Home > The promotion of well-being among children exposed to intimate partner violence.

Latzman, Natasha E and Casanueva, Cecilia and Brinton, Julia and Forman‐Hoffman, Valerie L (2019) The promotion of well-being among children exposed to intimate partner violence. Campbell Systematic Reviews, 15, (3), e1049. https://doi.org/10.1002/cl2.1049.

External website: https://onlinelibrary.wiley.com/doi/full/10.1002/c...


Children’s exposure to intimate partner violence (IPV) is a significant public health and social justice concern with potentially severe and long-lasting effects. The extent to which psychosocial interventions promote well-being among children exposed to IPV, and under what circumstances, such as the modality and setting, is unclear.

What is this review about?

Exposure to IPV in childhood can have both short- and long-term negative impacts to health and well-being that persist across generations. There is therefore an increased interest in the development of intervention strategies to promote well-being following exposure. Over the last two decades, theory-driven psychosocial programmes serving children exposed to violence have been developed and established in a range of venues (e.g., school-based mental health clinics, outpatient psychotherapy settings). This review provides a synthesis of the state of this literature and implications for research and practice.

Specifically, the effectiveness of psychosocial interventions in improving total problems, externalising distress, internalising distress, interpersonal/social problems, and cognitive functioning are assessed. Variation in effects by intervention modality (e.g., individual, family-based) and setting of the intervention (e.g., home, outpatient clinic) are also examined.

What is the aim of this review?

This Campbell systematic review examines the effects of psychosocial interventions to promote well-being among children exposed to intimate partner violence. The review summarizes evidence from eight methodologically rigorous randomized controlled trials.

What studies are included?

This review includes eight randomised controlled trials (RCTs), with a total of 924 participants. The majority of studies were conducted in the USA, with one study each carried out in the Netherlands and India. The age range of target children varied, although all fell within the age range of 0 to 18 years. Three of the studies recruited general populations of parents and/or children who had been exposed to IPV, without stated inclusion criteria around parent or child symptomatology or functioning. Four studies had more explicit inclusion requirements such as children with IPV-related post-traumatic stress disorder (PTSD) symptoms and fathers with alcohol dependence. Studies varied widely regarding the nature of IPV experienced by parents and witnessed or heard by children.

What are the main findings of this review?

Studies examined following outcomes: total problems, externalising distress, internalising distress, interpersonal/social problems, and cognitive functioning. However, differences in the specific measures used, interventions employed, and comparison groups limit the ability to synthesize findings.

Evidence from two studies suggests there is preliminary evidence that in-home intensive services (parent training and provision of emotional support to the parent) decreases child externalising behaviour among children who have been exposed to IPV and have clinical levels of behaviour problems. However, support for this evidence was only found immediately post-treatment and at an eight-month follow-up, but not at a four-month follow-up.

Intervention targeting the non-offending parent (mother) had the largest effect, followed by those that targeted the family together and, finally, the single study that targeted parent and child, separately.

Interventions conducted in the home had a larger effect compared to those conducted in an outpatient setting.

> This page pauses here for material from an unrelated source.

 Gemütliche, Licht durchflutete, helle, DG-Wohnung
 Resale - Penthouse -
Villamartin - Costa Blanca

However, these findings should be interpreted with great caution due to the heterogeneity in study characteristics such as the nature of the comparators.

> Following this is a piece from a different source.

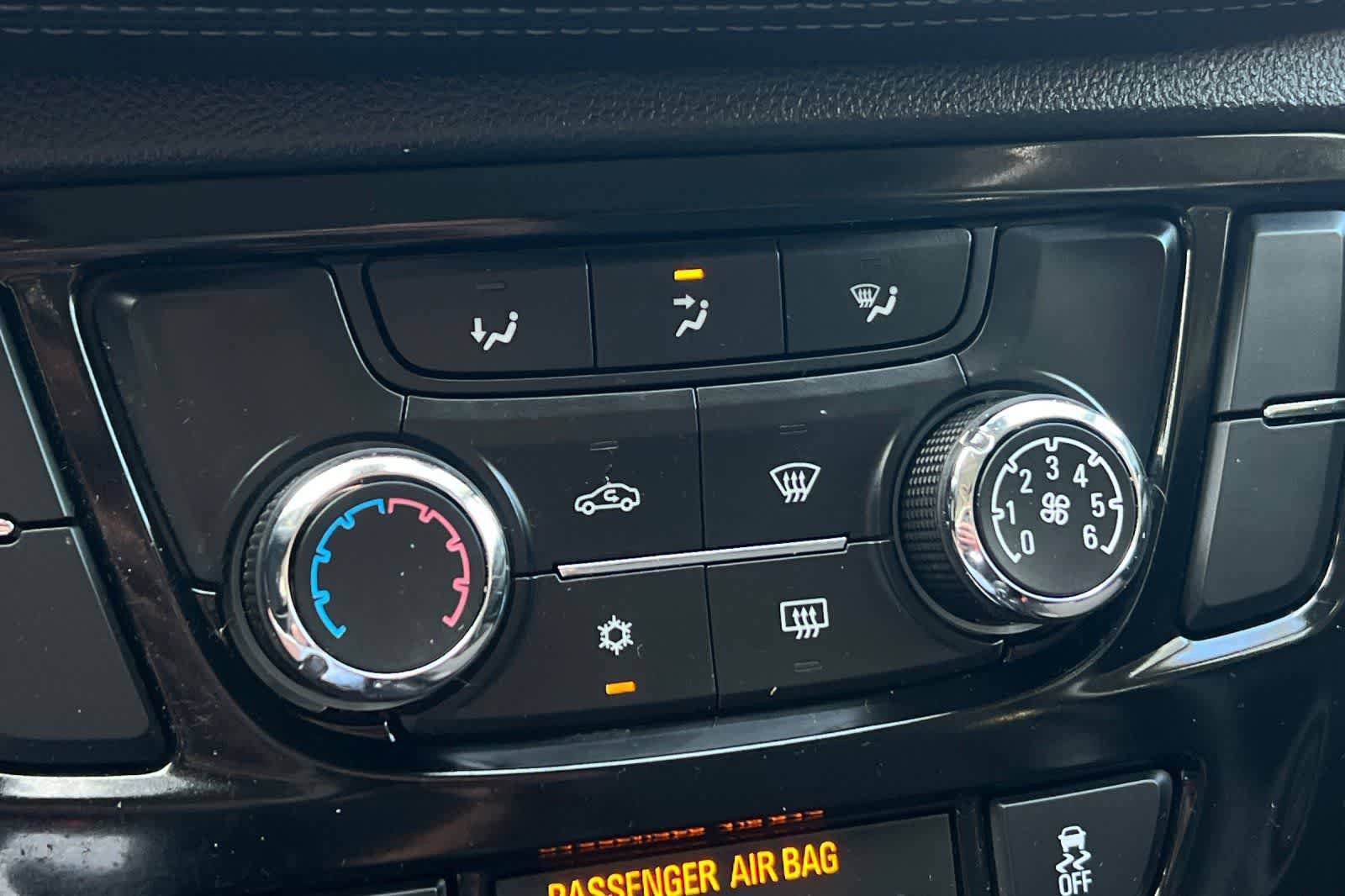 Used 2019 Buick Encore Preferred FWD image 23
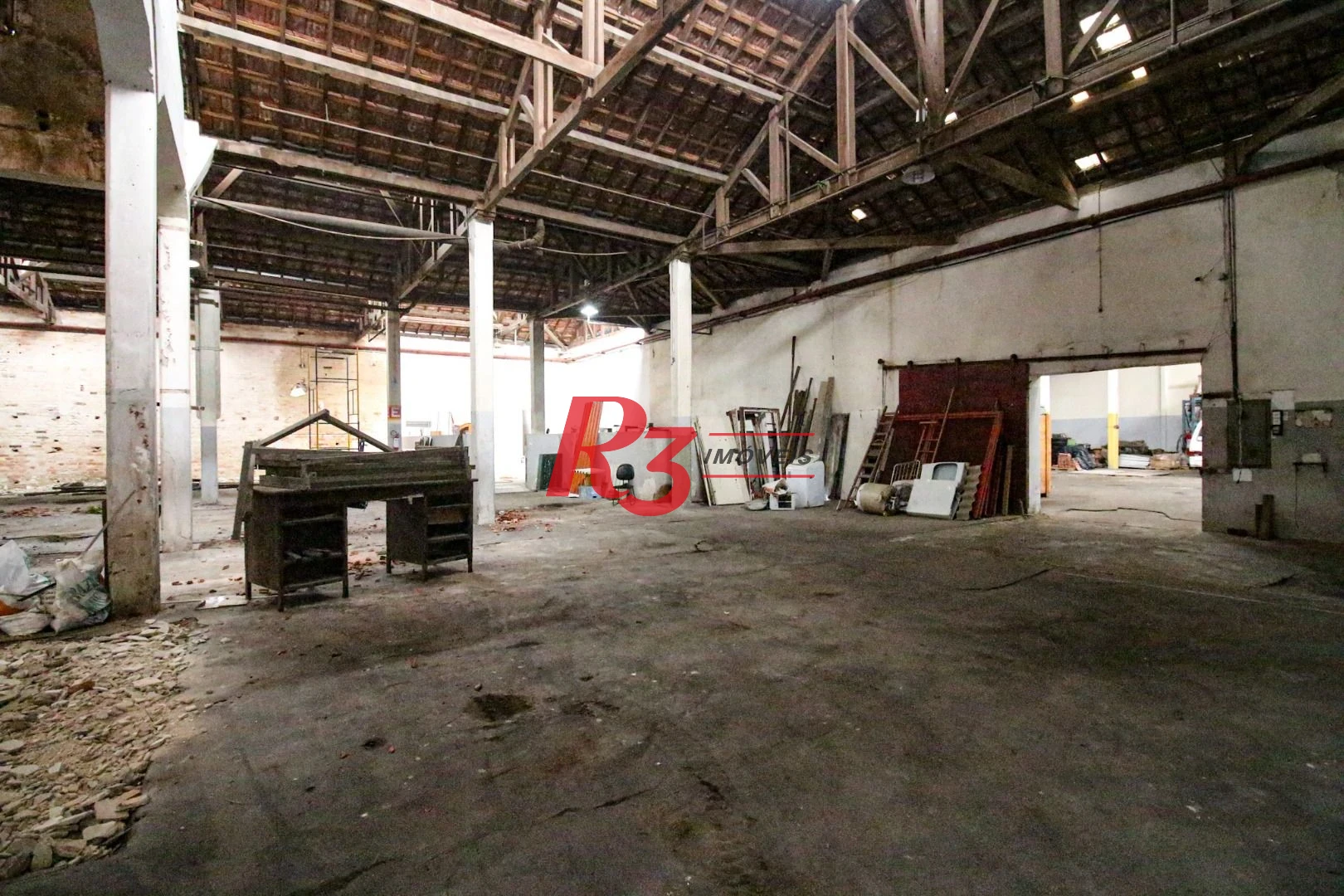 Galpão para alugar, 5000 m² por R$ 127.000,00/mês - Paquetá - Santos/SP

Overall, it is largely unclear the extent to which psychosocial interventions promote well-being among children exposed to IPV, and under what circumstances.

What do the findings of the review mean?

The findings from this systematic review indicate that it is largely unclear the extent to which psychosocial interventions promote well-being among children exposed to IPV, and under what circumstances.

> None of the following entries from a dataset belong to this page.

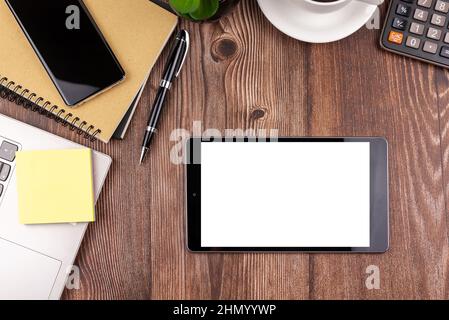 Tablet digitale con schermo vuoto sulla scrivania dell'ufficio Foto Stock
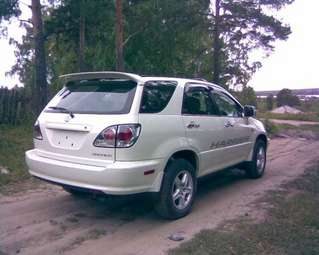1999 Toyota Harrier Pictures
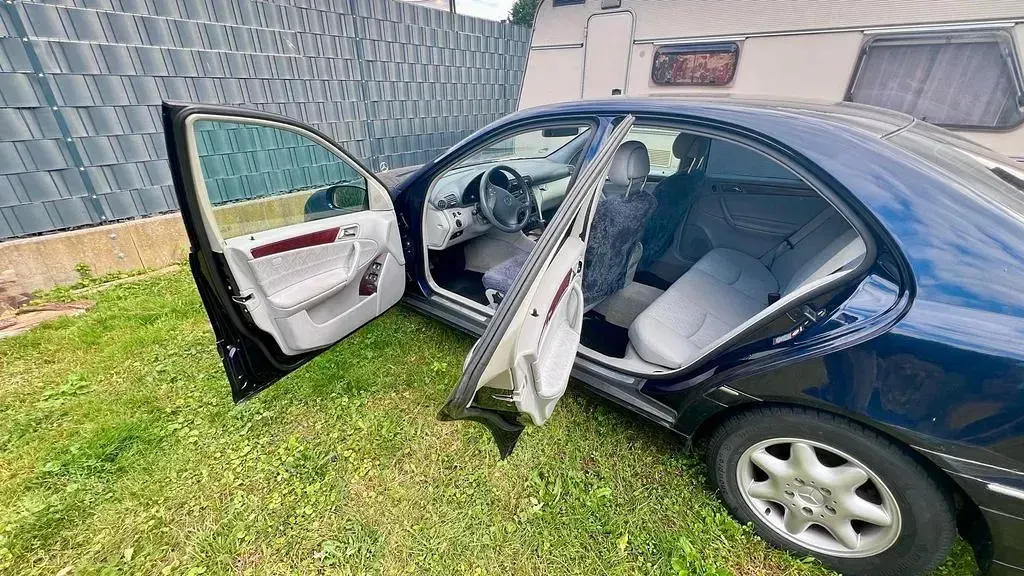 Gebraucht Mercedes C200 Elegance 163 PS (119 kW) 2000 Blau Limousine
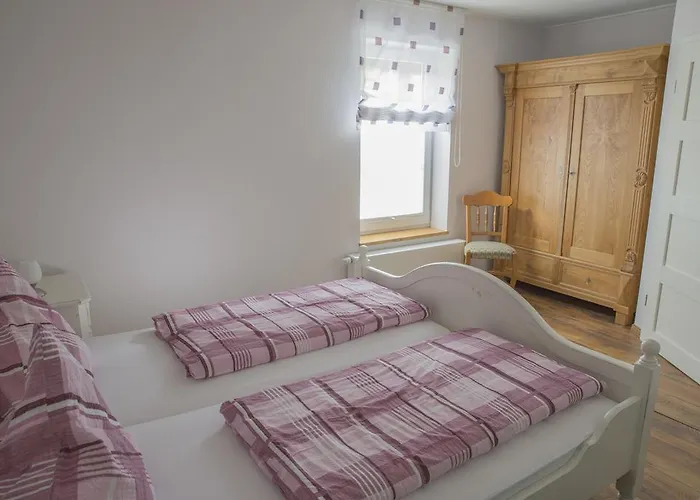 Pensión Zur Post 3*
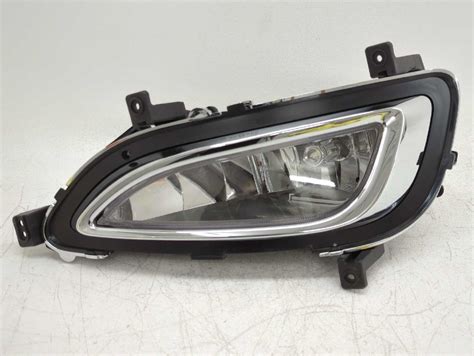 New OEM Genuine Hyundai Fog Light Lamp 2012 2014 Azera RH 92202 3V010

More rigorous evaluation of psychosocial interventions needs to be conducted using common outcomes across studies in order to draw conclusions. We suggest that in addition to increased rigour in evaluation design (such as efforts to minimise selection bias), researchers assess the nature of child exposure and multiple subtypes of IPV; this will help elucidate whether interventions are more or less effective depending on the IPV exposure context.